I had a recent medical scare that really got me thinking about things. A couple of weeks ago, I found some moles on my back that looked really bad. I did some research online and by all means it looked like melanoma or skin cancer. Pretty scary word, cancer. So, even without insurance and pretty much broke – you don’t put something like this off. You have to get it checked. So, doctor appointment made, the two week wait to see him gave me time to think about things. I talked to friends and family. I started to think “what if this is cancer?” What if’s can be a bad thing sometimes. Regrets can eat you up. But, sometimes, it can really help you re-evaluate your life and look at things in a different way. It can wake you up to things that maybe you are missing. Remind you how blessed you are in your life. It made me realize how many people I have in my life that I love, and that love me. How many people are cheering for me, pulling for me, helping me. How important it is to live life, love life, and love those in my life. Because, even if you aren’t dying from cancer, even if you don’t have health problems, even if you live a long, healthy life – there are only so many days to everyone’s life. There is only so many chances to tell someone that they are important to you. There are only so many years you can do certain things. If you don’t do them when you get the chance – you may never get to do them. I see all the time, especially online, things that remind you to say I love you as much as you can, to hug those around you often, to stop and smell the roses, to take chances, to live life to the fullest. Because, before you know it – it will be gone. The loved ones around you may pass before you. The ones you love will be left behind when you go. Then all that will be left is memories. Good memories, as well as bad memories. To me, it is important to make as many good memories as we can before we go.

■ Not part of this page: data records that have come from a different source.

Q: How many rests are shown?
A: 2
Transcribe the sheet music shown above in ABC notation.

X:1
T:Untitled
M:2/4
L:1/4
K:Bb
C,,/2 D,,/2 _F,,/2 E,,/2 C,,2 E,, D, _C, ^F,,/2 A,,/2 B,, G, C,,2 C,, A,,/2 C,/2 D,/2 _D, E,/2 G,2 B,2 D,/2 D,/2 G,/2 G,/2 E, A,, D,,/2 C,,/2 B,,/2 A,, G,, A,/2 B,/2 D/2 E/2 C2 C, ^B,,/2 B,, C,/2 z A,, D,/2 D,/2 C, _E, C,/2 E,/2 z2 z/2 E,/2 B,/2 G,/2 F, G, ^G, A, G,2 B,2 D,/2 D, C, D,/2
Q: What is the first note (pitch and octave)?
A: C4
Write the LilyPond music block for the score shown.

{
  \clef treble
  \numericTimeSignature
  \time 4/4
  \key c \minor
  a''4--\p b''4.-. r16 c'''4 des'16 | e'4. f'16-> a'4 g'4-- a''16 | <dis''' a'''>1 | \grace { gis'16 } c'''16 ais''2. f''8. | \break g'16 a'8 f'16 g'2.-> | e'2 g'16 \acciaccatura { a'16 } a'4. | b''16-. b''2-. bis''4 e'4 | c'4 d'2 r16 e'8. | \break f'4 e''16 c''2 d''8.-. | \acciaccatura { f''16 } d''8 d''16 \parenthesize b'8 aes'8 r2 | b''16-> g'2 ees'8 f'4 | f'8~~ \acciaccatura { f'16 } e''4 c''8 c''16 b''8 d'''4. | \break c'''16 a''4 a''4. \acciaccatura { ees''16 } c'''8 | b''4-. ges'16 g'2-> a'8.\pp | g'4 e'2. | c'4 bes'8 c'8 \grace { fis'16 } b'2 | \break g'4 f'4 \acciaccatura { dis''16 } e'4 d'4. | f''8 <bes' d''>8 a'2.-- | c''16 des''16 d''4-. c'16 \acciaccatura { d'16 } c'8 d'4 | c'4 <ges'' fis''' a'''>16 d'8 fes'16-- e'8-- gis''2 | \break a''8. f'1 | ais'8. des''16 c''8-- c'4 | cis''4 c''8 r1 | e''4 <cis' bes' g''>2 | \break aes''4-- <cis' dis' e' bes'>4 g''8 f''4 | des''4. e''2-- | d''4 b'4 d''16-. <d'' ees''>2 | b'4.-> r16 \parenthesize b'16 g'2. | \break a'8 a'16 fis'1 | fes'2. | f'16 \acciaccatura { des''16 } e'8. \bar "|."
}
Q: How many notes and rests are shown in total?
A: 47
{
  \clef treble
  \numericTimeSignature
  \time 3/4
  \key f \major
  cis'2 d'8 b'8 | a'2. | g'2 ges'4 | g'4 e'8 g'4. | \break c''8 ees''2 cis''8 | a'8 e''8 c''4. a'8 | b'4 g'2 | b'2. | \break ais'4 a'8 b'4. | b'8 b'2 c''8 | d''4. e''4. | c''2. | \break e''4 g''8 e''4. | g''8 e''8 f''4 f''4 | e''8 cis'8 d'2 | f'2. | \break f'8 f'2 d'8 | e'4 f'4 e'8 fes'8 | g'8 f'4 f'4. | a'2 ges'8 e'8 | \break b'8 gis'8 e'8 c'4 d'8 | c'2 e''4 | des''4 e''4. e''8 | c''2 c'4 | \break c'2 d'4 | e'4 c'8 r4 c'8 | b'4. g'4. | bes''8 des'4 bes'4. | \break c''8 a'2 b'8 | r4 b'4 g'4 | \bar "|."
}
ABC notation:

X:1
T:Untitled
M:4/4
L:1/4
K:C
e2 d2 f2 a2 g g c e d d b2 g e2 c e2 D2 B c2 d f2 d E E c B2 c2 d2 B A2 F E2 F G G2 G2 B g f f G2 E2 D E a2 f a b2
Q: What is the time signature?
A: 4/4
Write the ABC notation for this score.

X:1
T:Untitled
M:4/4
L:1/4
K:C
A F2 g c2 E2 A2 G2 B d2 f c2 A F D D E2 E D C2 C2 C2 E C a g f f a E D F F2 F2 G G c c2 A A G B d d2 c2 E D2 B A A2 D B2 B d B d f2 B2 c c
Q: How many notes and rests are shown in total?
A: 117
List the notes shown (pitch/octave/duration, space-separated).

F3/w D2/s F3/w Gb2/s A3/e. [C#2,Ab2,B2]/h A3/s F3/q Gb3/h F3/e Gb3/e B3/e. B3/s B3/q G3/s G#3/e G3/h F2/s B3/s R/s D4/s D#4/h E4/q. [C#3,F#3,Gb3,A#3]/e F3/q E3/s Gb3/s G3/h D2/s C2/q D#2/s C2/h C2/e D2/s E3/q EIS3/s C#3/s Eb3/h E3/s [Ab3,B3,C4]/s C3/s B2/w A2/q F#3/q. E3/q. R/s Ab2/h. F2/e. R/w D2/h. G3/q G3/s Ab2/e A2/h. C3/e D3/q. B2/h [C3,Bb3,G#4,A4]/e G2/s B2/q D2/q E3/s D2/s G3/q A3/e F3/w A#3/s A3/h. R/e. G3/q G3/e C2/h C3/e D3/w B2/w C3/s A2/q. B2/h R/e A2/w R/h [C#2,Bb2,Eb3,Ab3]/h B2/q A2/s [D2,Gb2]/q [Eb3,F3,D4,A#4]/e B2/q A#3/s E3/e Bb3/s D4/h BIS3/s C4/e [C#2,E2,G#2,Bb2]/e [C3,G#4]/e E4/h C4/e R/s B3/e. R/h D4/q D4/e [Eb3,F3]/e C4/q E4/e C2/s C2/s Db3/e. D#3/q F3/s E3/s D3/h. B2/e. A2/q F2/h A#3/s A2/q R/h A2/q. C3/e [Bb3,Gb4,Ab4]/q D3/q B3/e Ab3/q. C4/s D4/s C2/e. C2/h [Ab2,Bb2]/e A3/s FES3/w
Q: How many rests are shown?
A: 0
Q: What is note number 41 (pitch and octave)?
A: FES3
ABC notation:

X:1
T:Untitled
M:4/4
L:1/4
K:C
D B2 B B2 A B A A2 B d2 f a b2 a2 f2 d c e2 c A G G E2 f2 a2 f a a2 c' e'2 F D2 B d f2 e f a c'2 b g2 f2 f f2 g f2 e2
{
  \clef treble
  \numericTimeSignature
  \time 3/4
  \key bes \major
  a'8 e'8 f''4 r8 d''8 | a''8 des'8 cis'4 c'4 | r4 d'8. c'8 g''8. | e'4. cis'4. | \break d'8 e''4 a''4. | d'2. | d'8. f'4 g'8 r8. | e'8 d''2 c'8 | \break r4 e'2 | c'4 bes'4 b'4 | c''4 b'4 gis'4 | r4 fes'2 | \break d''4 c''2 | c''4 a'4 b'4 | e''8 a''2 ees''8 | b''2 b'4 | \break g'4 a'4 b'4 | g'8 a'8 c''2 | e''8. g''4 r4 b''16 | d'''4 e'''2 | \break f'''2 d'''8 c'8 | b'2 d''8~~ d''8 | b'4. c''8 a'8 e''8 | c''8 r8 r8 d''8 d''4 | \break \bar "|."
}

I looked over my goals that I’ve made for myself this year and the changes I want to make. They are good goals. And focusing on me is very important. The changes I want to make are very important. But, just as important are the goals that include others. When I go, I want people to remember the good memories about me. I want people to remember the happy times. The times where I helped them, or they got to help me. The times we laughed together. Even the times we cried, but were there for each other, because those are important too. I want to be remembered as a good person. A person who cared, who loved, who gave, who lived their life to the fullest. Now, that doesn’t mean I’m going bunjee jumping or jump out of a working airplane. That may be something some people want to do. But no, not me. Me, I want to read some of the books I’ve been putting off. Do some of the things with my kids that I’ve been wanting to do. I want to stop saying tomorrow and do today. I want to remember to say I love you every day. I want to make someone’s life better each day. It’s not hard – a smile, a thank you, a hug. All of these things are small but make a huge difference. I want to look into the joy of my youngest son’s face and see the world through his eyes. I want to listen to music with my teenage son and appreciate his opinions. I want to talk to him. I want to talk about all kinds of things – stories from his past, plans for his future. I want to laugh with my oldest daughter and appreciate the woynderful adult she is. I want to share with her my recipes, my thoughts, hear her plans for the future, and let them all know how special they are to me. I want to re-connect to my husband. The last six years of working opposite shifts, struggling with money, and facing numerous challenges has had its toll on my marriage. I want to remember how I felt on our wedding day. But, it doesn’t stop there, I want to re-connect to everyone. I want to talk to my sister about our lives. I want to hug my mom – she won’t be here forever. I want to enjoy every day I have with her. And friends, and other family. Because when it comes down to it – the stuff you have in your life is just stuff. The really important things in life, the things that really matter are the people who love you and care about you. The people you share your life with. In that way I am very, very blessed.
Thankfully, when I went to the doctor yesterday, it wasn’t cancer. It was something called seborrheic keratoses. They can often be mistaken for melanoma. But they are harmless. Due to my skin type, heredity, sun exposure, they form, but really are nothing. But the doctor was very glad I had them checked out and said it was the smartest thing to do. So, that is not a battle I have to fight today. But, I am thankful for it anyway. Because it reminded me of what is important in life, and who is important in my life. And I think sometimes we all need to stop and count our blessings in our life. Before it’s too late.